(Excerpts from a dataset)
________________

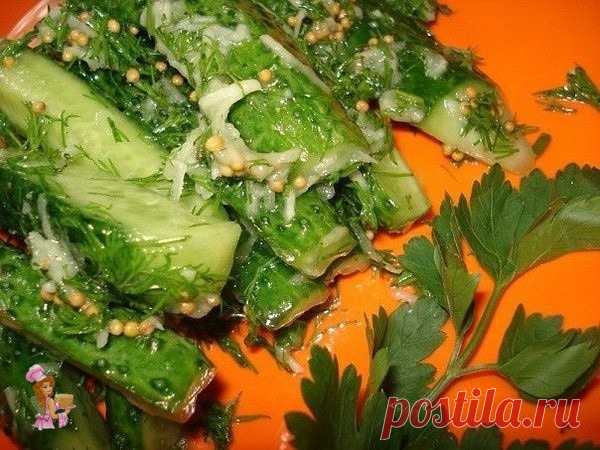 Любимая закуска из огурцов с чесноком, укропом и горчичкой... 

Продукты: 
0,5 кг свежих огурчиков 
5-6 долек чеснока 
укроп - пучок 
зерна горчицы - 1 ст.ложка 
соль по вкусу 
Масло растительное - 4 ст.лож 
уксус - 1 чайн.лож. 

Способ приготовления: 
Огурцы разрезать на 4 части вдоль, уложить в банку. 
Добавить к огурцам раздавленный чеснок, порезанный укроп, зерна горчицы, соль,уксус, масло. 
Банку встряхнуть, дабы все продукты подружились !
Подавать можно немедленно, а...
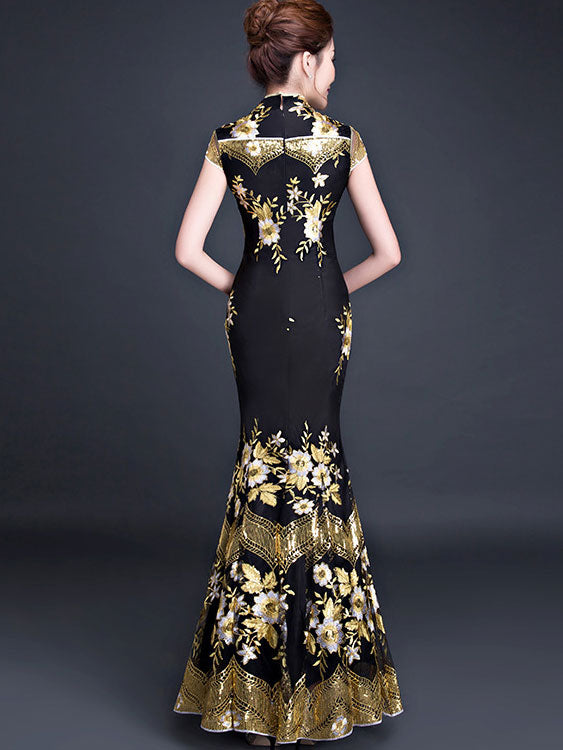 Black Embroidered Fishtail Cheongsam Qi Pao Dress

________________

_WHAT YOU WILL DO_:
Filter the entries by the string "уксус" and copy each matching line.

_ANSWER BOX_:
уксус - 1 чайн.лож. 
Добавить к огурцам раздавленный чеснок, порезанный укроп, зерна горчицы, соль,уксус, масло. 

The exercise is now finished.